▸ **EXTRACTED ENTRIES**:
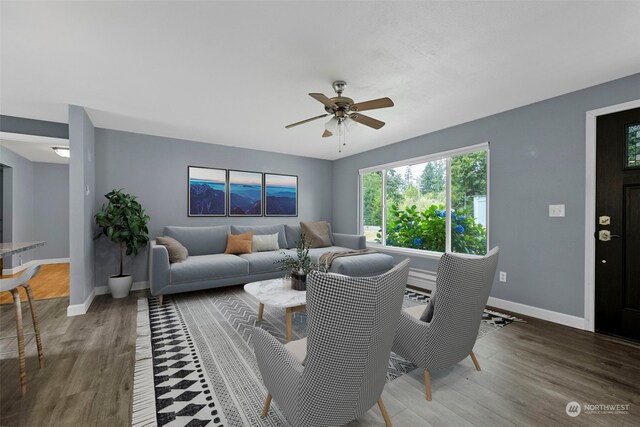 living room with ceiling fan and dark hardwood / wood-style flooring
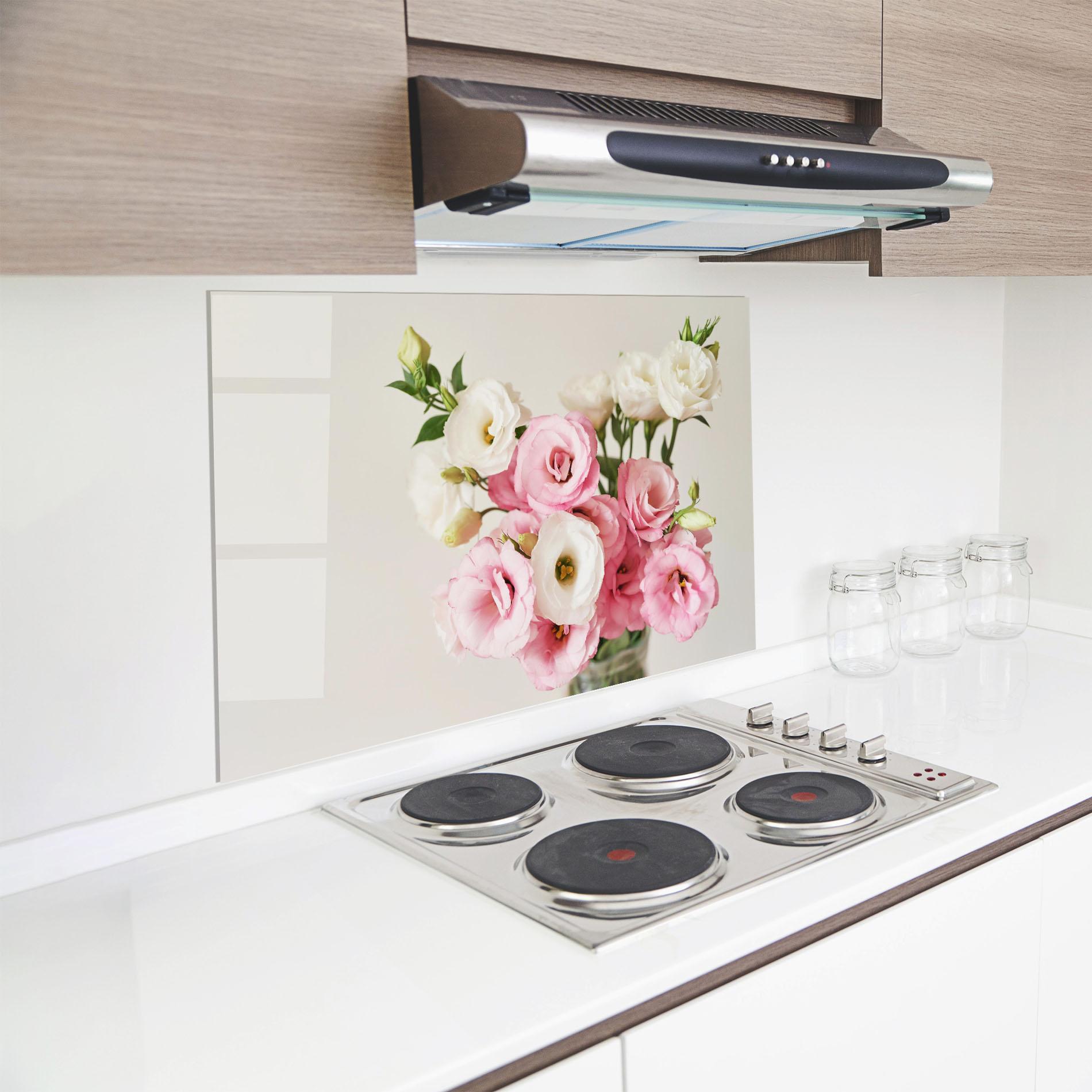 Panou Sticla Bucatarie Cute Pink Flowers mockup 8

==

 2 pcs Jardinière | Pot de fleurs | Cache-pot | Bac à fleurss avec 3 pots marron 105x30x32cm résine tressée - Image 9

---

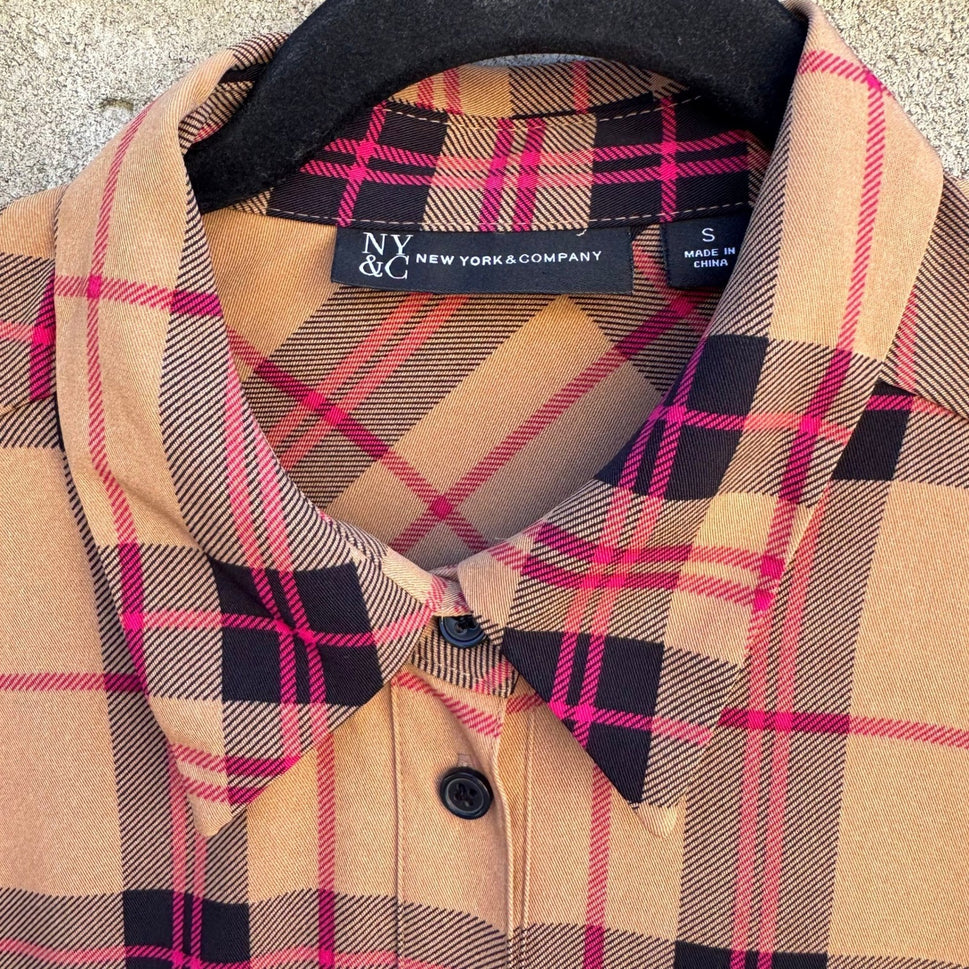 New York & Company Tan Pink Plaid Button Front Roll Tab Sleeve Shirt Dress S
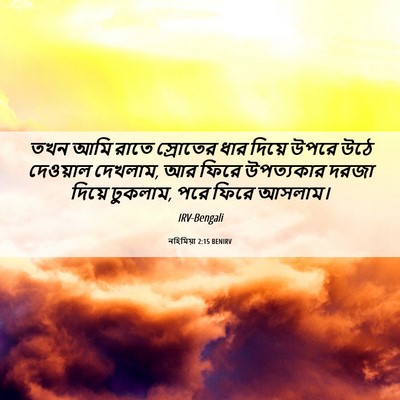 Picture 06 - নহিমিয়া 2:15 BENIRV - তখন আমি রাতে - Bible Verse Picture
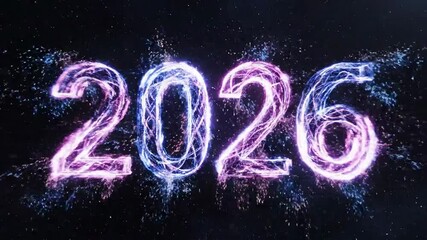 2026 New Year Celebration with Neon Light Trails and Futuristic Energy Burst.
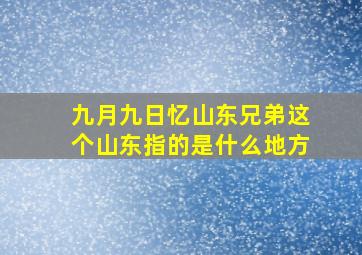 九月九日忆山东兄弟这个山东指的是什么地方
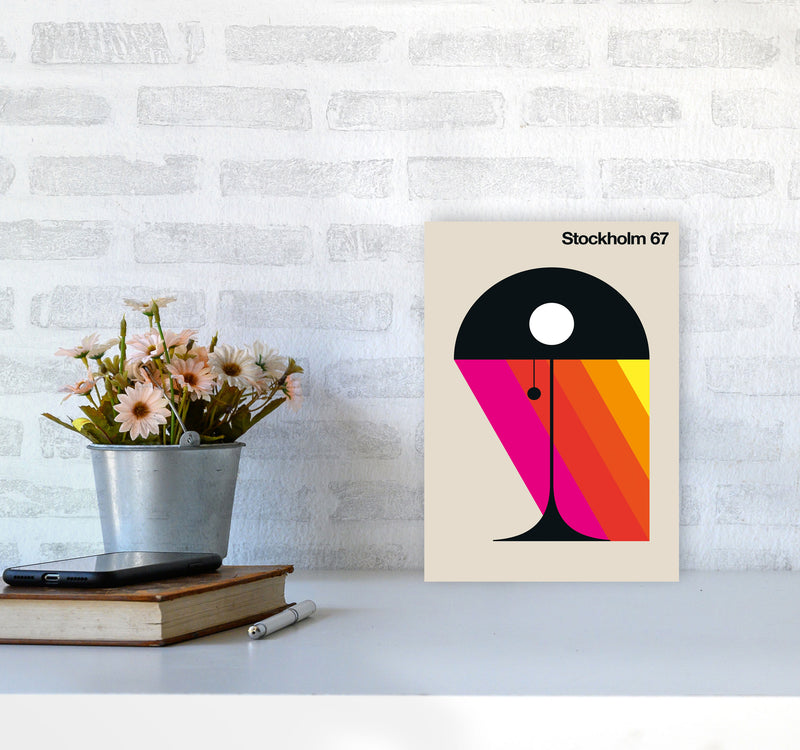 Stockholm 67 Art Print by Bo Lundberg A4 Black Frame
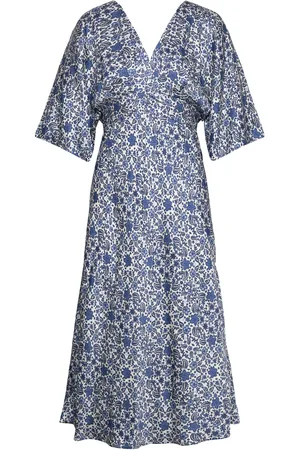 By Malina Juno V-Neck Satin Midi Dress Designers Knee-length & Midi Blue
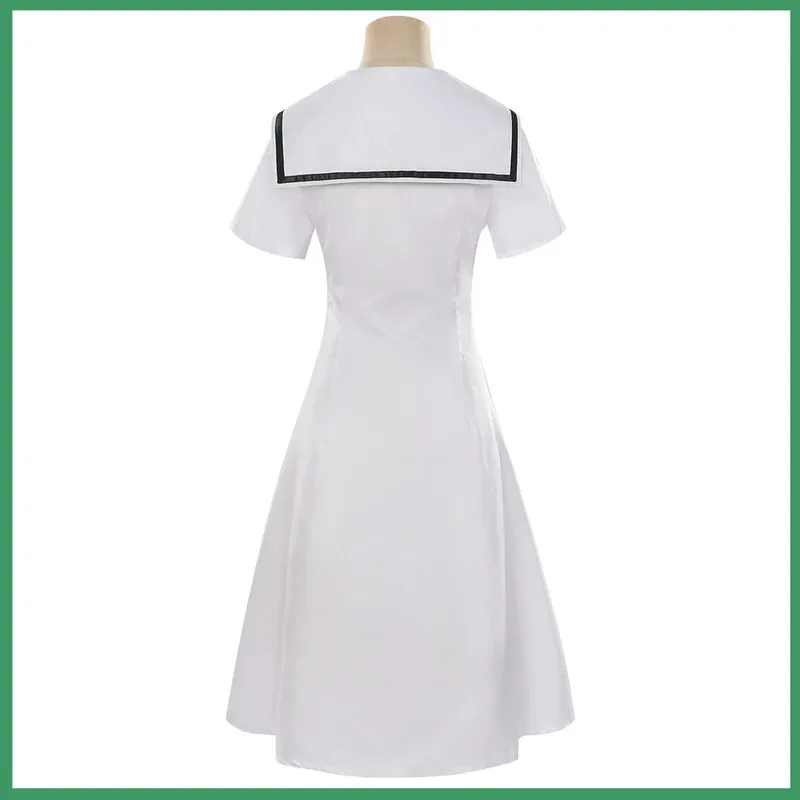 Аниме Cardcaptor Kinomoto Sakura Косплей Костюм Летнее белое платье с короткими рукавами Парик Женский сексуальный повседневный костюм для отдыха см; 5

▸ **WORK TASK**: Go back to the listing above and reproduce, exactly, the stretch from the line bearing "九月九日忆山东兄弟这个山东指的是什么地方" through the line bearing "Аниме Cardcaptor Kinomoto", without its pictures.

▸ **RESPONSE AREA**:
 九月九日忆山东兄弟这个山东指的是什么地方
 Stockholm 67 Art Print by Bo Lundberg A4 Black Frame
 By Malina Juno V-Neck Satin Midi Dress Designers Knee-length & Midi Blue
 Аниме Cardcaptor Kinomoto Sakura Косплей Костюм Летнее белое платье с короткими рукавами Парик Женский сексуальный повседневный костюм для отдыха см; 5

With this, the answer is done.